┏━━

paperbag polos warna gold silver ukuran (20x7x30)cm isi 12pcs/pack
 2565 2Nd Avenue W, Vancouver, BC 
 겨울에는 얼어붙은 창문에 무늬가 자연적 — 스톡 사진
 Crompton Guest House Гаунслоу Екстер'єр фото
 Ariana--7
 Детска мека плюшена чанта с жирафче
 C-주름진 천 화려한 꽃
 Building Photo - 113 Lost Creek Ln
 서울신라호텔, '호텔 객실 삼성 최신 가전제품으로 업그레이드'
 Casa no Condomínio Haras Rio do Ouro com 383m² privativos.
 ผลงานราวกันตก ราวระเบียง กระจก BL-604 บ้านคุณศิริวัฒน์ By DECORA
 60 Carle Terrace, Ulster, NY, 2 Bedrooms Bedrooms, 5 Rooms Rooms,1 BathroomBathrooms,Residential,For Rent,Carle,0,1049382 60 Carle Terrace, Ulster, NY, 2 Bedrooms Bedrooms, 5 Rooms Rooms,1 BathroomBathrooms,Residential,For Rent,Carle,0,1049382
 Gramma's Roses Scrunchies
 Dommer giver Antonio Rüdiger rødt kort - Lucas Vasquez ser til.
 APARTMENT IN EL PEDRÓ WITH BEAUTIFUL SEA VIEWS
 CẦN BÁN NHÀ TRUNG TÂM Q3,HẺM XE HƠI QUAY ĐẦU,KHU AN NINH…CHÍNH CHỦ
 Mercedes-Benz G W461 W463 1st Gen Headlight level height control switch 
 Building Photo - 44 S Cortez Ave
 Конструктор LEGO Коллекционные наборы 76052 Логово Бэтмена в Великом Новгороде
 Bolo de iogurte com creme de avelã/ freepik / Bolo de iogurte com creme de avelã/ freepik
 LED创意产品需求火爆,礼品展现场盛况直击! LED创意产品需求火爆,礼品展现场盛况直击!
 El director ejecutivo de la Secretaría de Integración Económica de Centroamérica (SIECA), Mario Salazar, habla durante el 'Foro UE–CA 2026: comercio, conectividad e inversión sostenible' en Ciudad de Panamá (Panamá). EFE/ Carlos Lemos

┗━━

Task directions →
Copy, please, every line from the start of the entries down to the line that holds "Конструктор LEGO Коллекционные", with both of those lines included and no others.

Finished task →
paperbag polos warna gold silver ukuran (20x7x30)cm isi 12pcs/pack
 2565 2Nd Avenue W, Vancouver, BC 
 겨울에는 얼어붙은 창문에 무늬가 자연적 — 스톡 사진
 Crompton Guest House Гаунслоу Екстер'єр фото
 Ariana--7
 Детска мека плюшена чанта с жирафче
 C-주름진 천 화려한 꽃
 Building Photo - 113 Lost Creek Ln
 서울신라호텔, '호텔 객실 삼성 최신 가전제품으로 업그레이드'
 Casa no Condomínio Haras Rio do Ouro com 383m² privativos.
 ผลงานราวกันตก ราวระเบียง กระจก BL-604 บ้านคุณศิริวัฒน์ By DECORA
 60 Carle Terrace, Ulster, NY, 2 Bedrooms Bedrooms, 5 Rooms Rooms,1 BathroomBathrooms,Residential,For Rent,Carle,0,1049382 60 Carle Terrace, Ulster, NY, 2 Bedrooms Bedrooms, 5 Rooms Rooms,1 BathroomBathrooms,Residential,For Rent,Carle,0,1049382
 Gramma's Roses Scrunchies
 Dommer giver Antonio Rüdiger rødt kort - Lucas Vasquez ser til.
 APARTMENT IN EL PEDRÓ WITH BEAUTIFUL SEA VIEWS
 CẦN BÁN NHÀ TRUNG TÂM Q3,HẺM XE HƠI QUAY ĐẦU,KHU AN NINH…CHÍNH CHỦ
 Mercedes-Benz G W461 W463 1st Gen Headlight level height control switch 
 Building Photo - 44 S Cortez Ave
 Конструктор LEGO Коллекционные наборы 76052 Логово Бэтмена в Великом Новгороде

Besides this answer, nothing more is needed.